Wild management

India's forests are not wilderness but habitats. Our wildlife management strategy must for this reason be inclusive of people who live in our national parks and not treat them as 'biotic interference'. An inept wildlife management policy ensures nobody wins

 
Published: Wednesday 31 October 2001

The wildlife week has just ended with barely a stir. And the plight of our animals in the wild remains what it has always been -- pitiable. Not just are they fast losing their habitat and contending with poachers, they are now facing the ire of the very people they once shared their homes with.

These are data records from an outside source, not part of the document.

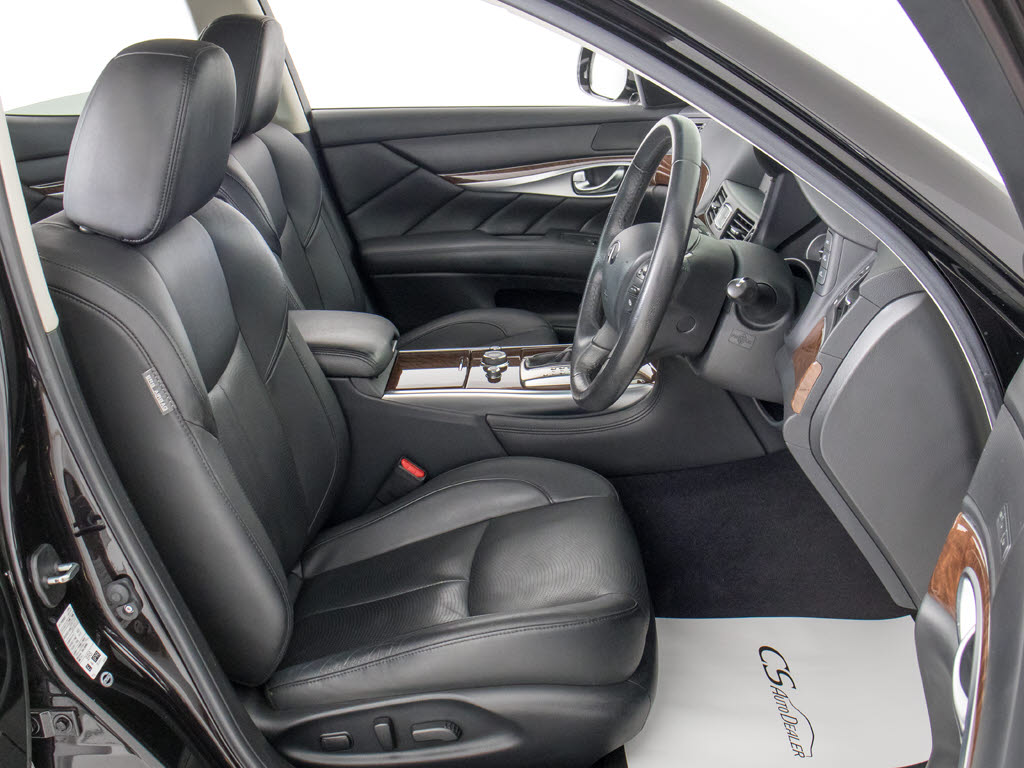 ★快適エアシート＆シートヒーターを装備し
ています！高級車ならではの装備です！シー
トが暖まる機能！シートから冷風が出る機能
！どちらも付いています！！寒い冬も、暑い
夏も快適にご乗車頂けますよ！！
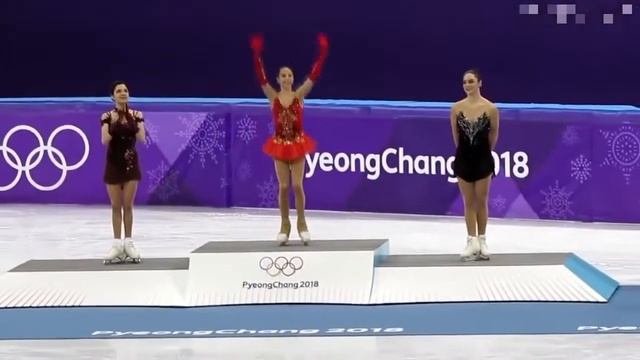 Герои спорта/ Евгения Медведева и Алина Загитова/ Evgenia Medvedeva and Alina Zagitova смотреть онлайн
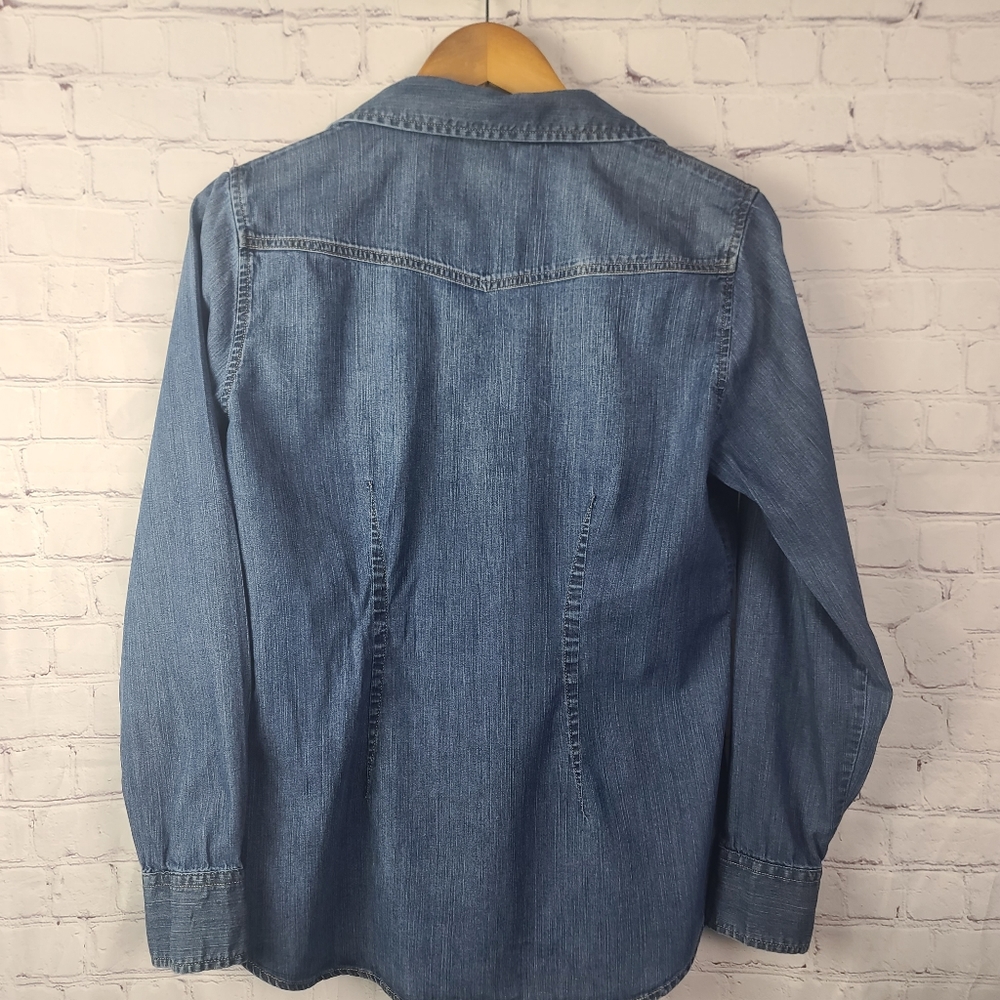 CAbi Denim Chambray Long-sleeved Button-Up # 970 Blue Med. - Picture 3 of 14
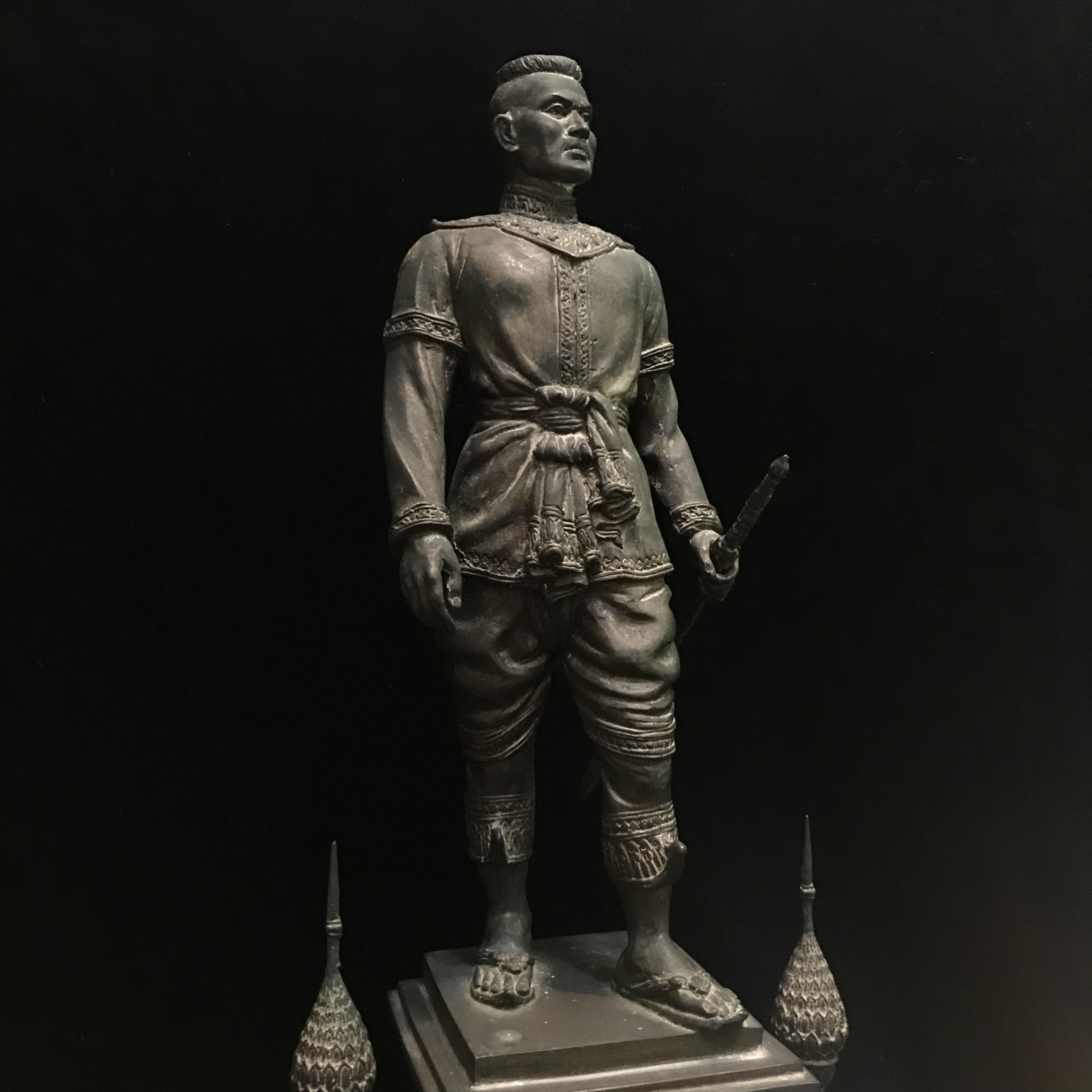 สมเด็จพระนเรศวรมหาราช ที่ระลึก 400 ปี ยุทธหัตถี สุพรรณบุรี ปี2535 (สง่างามสมพระเกีตยรติหายาก)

Barely has the memory of the brutal hacking of elephants in the Corbett National Park become dim, when the poisoning of ten pachyderms in Nameri National Park in Assam brought it all back. To make matters worse, five lions in what has been the country's pride, the Gir sanctuary, were found dead. While officials are taking great pains to project them as "natural deaths" evidence of poisoning and premeditated killing is all too clear. Which brings one back to the question -- why these deaths?

If anything the human-animal conflict is deepening by the day. This only goes to show that there is a serious flaw in our wildlife policy. Little effort has been made to address the problems of people who live in the forests. It is no wonder that such conflicts erupt.

As we have said often in these very columns, India's forests are not wilderness but habitats. Our wildlife management strategy must for this reason be inclusive of people who live in our national parks and not treat them as 'biotic interference'. As yet progress on this issue has been poor and worse, mean-minded. The concept of 'eco development' has been to give poor inhabitants some crumbs to turn their backs on forests. Worse, no efforts have been made to relocate these forest villages -- with expected results. All this is leading to a crisis that will not go away.

Wildlife weeks may come and go. But unless a serious effort is made to address all the issues involved, there is little hope.